A non-profit plans to build some 50 homes for the low income families in rural parts of Tabasco which will replace their makeshift sheds

You may have heard or even seen a 3D printed house of a building, but how about an entire neighborhood built entirely using 3D printing technique? Sounds crazy, but that's exactly what's happening in rural Mexico. The first of its kind in the entire world.

According to a CNN report a non-profit housing organization is planning to build some 50 homes using 3D printing technology in the rural areas of Tabasco, a state in the southeastern part of Mexico.

Homes are for families with low income

The homes will reportedly be built to house families of people with very low incomes.

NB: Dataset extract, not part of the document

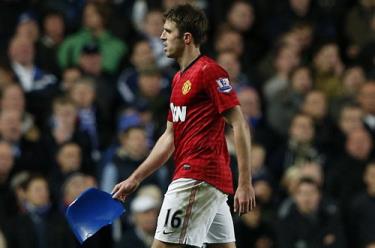 Tiền vệ Michael Carrick cầm một mảnh ghế do CĐV ném xuống sân.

Rural Tabasco has some of the lowest family incomes in South America, and as per the report, the community involved in the project has an average median family income of just around $76.50 per month.

The non-profit behind the project called New Story, a company founded about five years ago with an aim to end global homelessness is working in collaboration with 3D printing company Icon, which will be providing the construction and 3D printing expertise for the project. Icon will be using its Vulcan II 3D printer to print the homes. The advanced 3D printer is already involved in printing prototype homes for homeless people in the American state of Texas.

Will replace makeshift sheds

As of now, in the Tabasco project two houses have already been built and they aren't just prototypes, but full-fledged homes. The plan is to build 50 homes by the end of 2020. These 3D printed homes will be replacing makeshift wooden and metal structures that the community had built for shelter.

The 3D printed homes all of 500 square feet consist of a living room, kitchen, bathroom, and two bedrooms and are designed to withstand any natural calamity which is good news for the people because rural Tabasco is a seismic zone which witnesses occasional earthquakes and even floods, according to the report. Meanwhile, the families that will be living in these homes were consulted regarding the design of the home they wished, according to the report.

Building of houses in full-swing

The construction/printing of the homes is in full swing. Each home takes approximately 24 hours to print and the Vulcan II can print two houses at the same time, which is almost twice as fast as a building traditional house which would normally take a day or two to complete. Let's just hope the new abodes will keep the people safe and appreciate the use of technology for such noble causes.

This noble project will be the first of its kind project for New Story which has so far constructed over 2,700 houses across South America all using traditional building methods.